If a line in the entries below includes "Black", show that line.
BEGIN EXCERPTED RECORDS
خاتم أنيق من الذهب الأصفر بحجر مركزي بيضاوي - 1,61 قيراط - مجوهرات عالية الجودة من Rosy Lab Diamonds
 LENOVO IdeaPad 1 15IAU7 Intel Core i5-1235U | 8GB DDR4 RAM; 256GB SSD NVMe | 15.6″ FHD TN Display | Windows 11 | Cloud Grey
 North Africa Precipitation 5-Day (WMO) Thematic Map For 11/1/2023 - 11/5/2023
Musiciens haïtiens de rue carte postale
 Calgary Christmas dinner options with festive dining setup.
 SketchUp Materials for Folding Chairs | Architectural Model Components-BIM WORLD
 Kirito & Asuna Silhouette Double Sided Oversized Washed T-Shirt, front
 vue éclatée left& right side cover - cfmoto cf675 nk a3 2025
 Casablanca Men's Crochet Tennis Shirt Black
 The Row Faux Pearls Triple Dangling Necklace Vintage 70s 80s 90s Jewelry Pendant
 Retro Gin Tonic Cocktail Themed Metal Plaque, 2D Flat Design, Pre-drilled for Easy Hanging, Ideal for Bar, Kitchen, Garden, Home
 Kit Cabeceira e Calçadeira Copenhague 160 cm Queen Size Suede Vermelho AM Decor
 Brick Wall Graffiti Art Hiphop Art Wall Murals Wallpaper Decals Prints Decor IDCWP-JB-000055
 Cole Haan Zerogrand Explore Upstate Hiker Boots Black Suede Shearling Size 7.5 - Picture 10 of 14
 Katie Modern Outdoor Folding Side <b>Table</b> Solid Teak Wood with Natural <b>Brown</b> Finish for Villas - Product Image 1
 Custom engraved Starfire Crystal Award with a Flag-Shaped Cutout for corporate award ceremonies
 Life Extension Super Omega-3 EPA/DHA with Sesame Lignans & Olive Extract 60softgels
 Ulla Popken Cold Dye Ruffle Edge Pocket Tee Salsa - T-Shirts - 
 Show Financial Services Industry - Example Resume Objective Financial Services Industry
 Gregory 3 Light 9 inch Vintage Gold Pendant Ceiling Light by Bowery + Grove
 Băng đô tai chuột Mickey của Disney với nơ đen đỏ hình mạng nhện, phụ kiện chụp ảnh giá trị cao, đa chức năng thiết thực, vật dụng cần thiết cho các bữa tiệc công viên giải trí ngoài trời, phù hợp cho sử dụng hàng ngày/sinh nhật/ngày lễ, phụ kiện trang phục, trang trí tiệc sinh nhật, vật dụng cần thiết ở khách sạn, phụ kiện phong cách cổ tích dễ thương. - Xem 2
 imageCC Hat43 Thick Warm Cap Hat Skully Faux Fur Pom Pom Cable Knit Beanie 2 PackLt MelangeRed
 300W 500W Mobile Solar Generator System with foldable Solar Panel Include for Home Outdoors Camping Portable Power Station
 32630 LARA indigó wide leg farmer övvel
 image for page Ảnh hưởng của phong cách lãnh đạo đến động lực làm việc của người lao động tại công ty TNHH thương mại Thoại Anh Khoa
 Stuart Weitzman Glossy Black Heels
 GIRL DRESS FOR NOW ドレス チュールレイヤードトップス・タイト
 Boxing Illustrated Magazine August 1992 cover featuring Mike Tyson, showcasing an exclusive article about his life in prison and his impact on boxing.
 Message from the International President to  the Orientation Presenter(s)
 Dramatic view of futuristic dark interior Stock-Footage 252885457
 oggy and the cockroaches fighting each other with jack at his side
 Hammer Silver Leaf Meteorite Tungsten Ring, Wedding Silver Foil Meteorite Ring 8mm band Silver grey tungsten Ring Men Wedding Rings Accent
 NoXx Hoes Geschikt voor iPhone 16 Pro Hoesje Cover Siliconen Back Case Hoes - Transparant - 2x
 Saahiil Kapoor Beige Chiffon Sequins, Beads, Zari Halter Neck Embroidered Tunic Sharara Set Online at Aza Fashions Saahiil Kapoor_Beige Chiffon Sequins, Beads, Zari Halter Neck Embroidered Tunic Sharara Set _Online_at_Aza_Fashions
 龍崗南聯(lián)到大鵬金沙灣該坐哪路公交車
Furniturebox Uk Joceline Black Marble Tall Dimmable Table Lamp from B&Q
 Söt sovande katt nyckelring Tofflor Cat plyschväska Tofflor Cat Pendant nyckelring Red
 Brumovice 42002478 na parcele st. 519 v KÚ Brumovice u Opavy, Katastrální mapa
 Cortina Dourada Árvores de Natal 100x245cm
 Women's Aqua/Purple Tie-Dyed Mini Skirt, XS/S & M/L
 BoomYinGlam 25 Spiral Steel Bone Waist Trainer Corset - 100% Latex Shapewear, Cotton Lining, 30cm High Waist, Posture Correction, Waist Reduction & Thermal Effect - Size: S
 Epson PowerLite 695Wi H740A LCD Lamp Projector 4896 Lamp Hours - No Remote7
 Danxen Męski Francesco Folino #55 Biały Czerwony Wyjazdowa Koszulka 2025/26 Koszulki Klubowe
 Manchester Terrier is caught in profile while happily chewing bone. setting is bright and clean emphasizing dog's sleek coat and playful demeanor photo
END EXCERPTED RECORDS
■ **EXERCISE SOLUTION**:
 Casablanca Men's Crochet Tennis Shirt Black
 Cole Haan Zerogrand Explore Upstate Hiker Boots Black Suede Shearling Size 7.5 - Picture 10 of 14
 Stuart Weitzman Glossy Black Heels
Furniturebox Uk Joceline Black Marble Tall Dimmable Table Lamp from B&Q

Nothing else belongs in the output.